The coin features a portrait of Riel in a beaded and fringed buckskin jacket in the foreground, and a ceinture fléchée weaving—a type of colourful sash—around him and across his chest, inscribed with the Michif, English and French languages. Many, both Indigenous and non-Indigenous peoples, are celebrating the coin as an important form of representation for the “Forgotten People.” For a people whose primary relationship with Canada has been one of state demonization and neglect, recognition of this kind can absolutely feel like a victory, and it is important not to discount the affective benefits of mainstream representation. However, now more than ever, as the federal government looks to address its relationship with the Métis through this and other forms of recognition, resources and programs, it is crucial that we turn a critical eye to whether and to what extent initiatives like the Riel coin actually serve and honour Métis history and contemporary realities as an autonomous and self-determining Indigenous people, or whether, on balance, they continue and even intensify Canada’s attempts to subordinate and disappear us into its body politic.
Riel as Capital
What does it mean when we have allowed one of our greatest leaders to be transformed into the capital of the state that murdered him by hanging him for treason to squash the North-West Resistance? Aside from being a rather ghoulish project, in the most basic sense a commemorative coin is non-circulating legal tender, which means that while you are unlikely to receive it as change when you buy a bag of chips, for example, it is legally worth its dollar value and can be put toward that bag of chips if you so choose (and at the discretion of the cashier). Its value as tender is equivalent to and based on the Canadian dollar. Riel’s image, of the man himself and as a symbol of the Métis Nation, can now pay the social workers that remove Indigenous children from our families with devastating frequency; can pay the salaries of officers of the RCMP, the same anti-Indigenous paramilitary that was created (as the North-West Mounted Police) to quell Indigenous resistance to Canadian invasion of our territories and that continues to criminalize, brutalize and surveil our people; can pay the Canadian corporation–funded death gangs that terrorize, enslave, rape and murder Indigenous people around the world in the service of mineral extraction. Although Riel’s likeness may not literally change hands in these transactions, by tying ourselves symbolically and discursively to Canadian capital through the Riel coin, Métis become more deeply implicated in these and other abuses while our capacity to intervene in them continues to be constrained. It is representation with no accompanying shift in power.
Riel’s image, of the man himself and as a symbol of the Métis Nation, can now pay the social workers that remove Indigenous children from our families with devastating frequency. …It is representation with no accompanying shift in power.

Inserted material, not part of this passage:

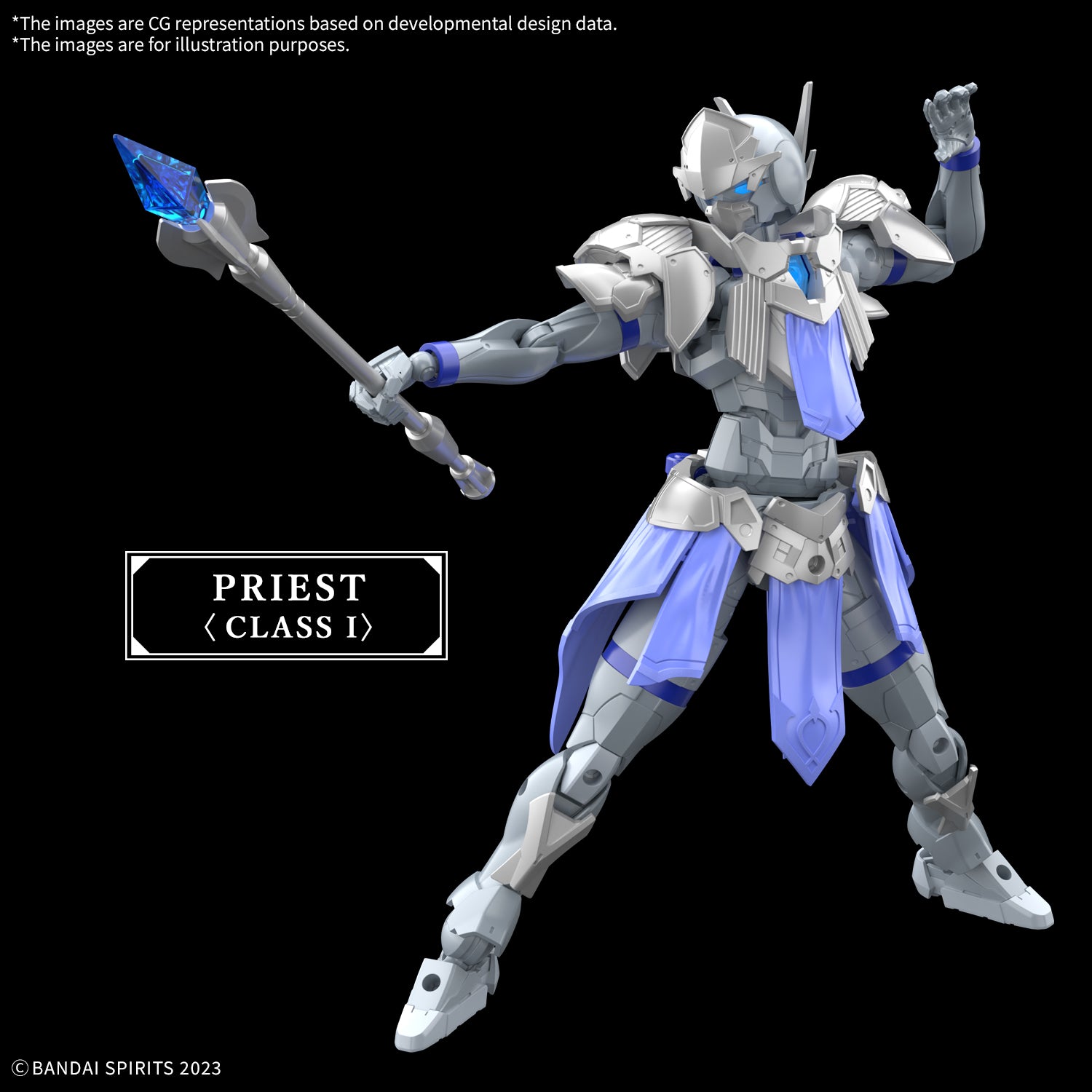 -PRE ORDER - 30MF Liber Priest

Currency also functions in part as a nearly ubiquitous form of nationalist symbolism that tells a particular kind of story about the state that produces and circulates it. Who or what is chosen to be stamped onto a coin or printed onto a bill contributes to patriotic narratives that are reified through these physical manifestations and reproduced again and again through capitalism. Money passing through your hands in exchange for goods and services isn’t just a medium of transaction: it is the repeated legitimization of the story that Canada tells about itself or, maybe to put it more accurately, the repetition of the story of legitimacy that Canada tells about itself. National narratives have the power not only to shape our perceptions of history—they become the context that informs and structures everything from educational curricula to political and economic policy to the state’s reputation internationally to its assumed authority and sovereignty over Indigenous lands and peoples.
Riel as Canadian
What is the narrative that Canada promotes with the Riel coin? The Royal Canadian Mint, in its statements about the coin, claims that its purpose is to highlight “the contributions of Louis Riel (1844–1885), and those of the Métis Nation, to the story of Canada,” and that when it comes to the Métis, this aspect of history is a “tale of two nations whose histories are intertwined.”
These statements manage to flatten the complex cultural, governance and intellectual traditions of the Métis people; the nature of two anticolonial guerrilla resistances fought by politically and militarily powerful allied Indigenous nations against the Canadian dominion; and a century and a half of subsequent dispossession and immiseration into contributions to the story of Canada. The Métis people, our history and our nationhood come to be represented by one man notable, through this narrative, primarily for how his life and work impacted the state that would execute him and colonize his people. And while our nations’ histories are, indeed, intertwined, this phrasing obscures the vast power differential that structures the colonial relationship between Canada and the Métis Nation. The Mint goes on to assert that the coin exists “in the recognition of a founding people’s sacrifices,” transforming our ancestors’ struggles to retain our homes, lands and lifeways in the face of violent Canadian invasion into a “sacrifice” on the altar of colonial progress for the good of Canada (of which the Métis are now a part, whether we like it or not). In essence, the Royal Canadian Mint is saying, “It wouldn’t be the same Canada we know and love without your bloody defeat at our hands. Thanks, have a coin.”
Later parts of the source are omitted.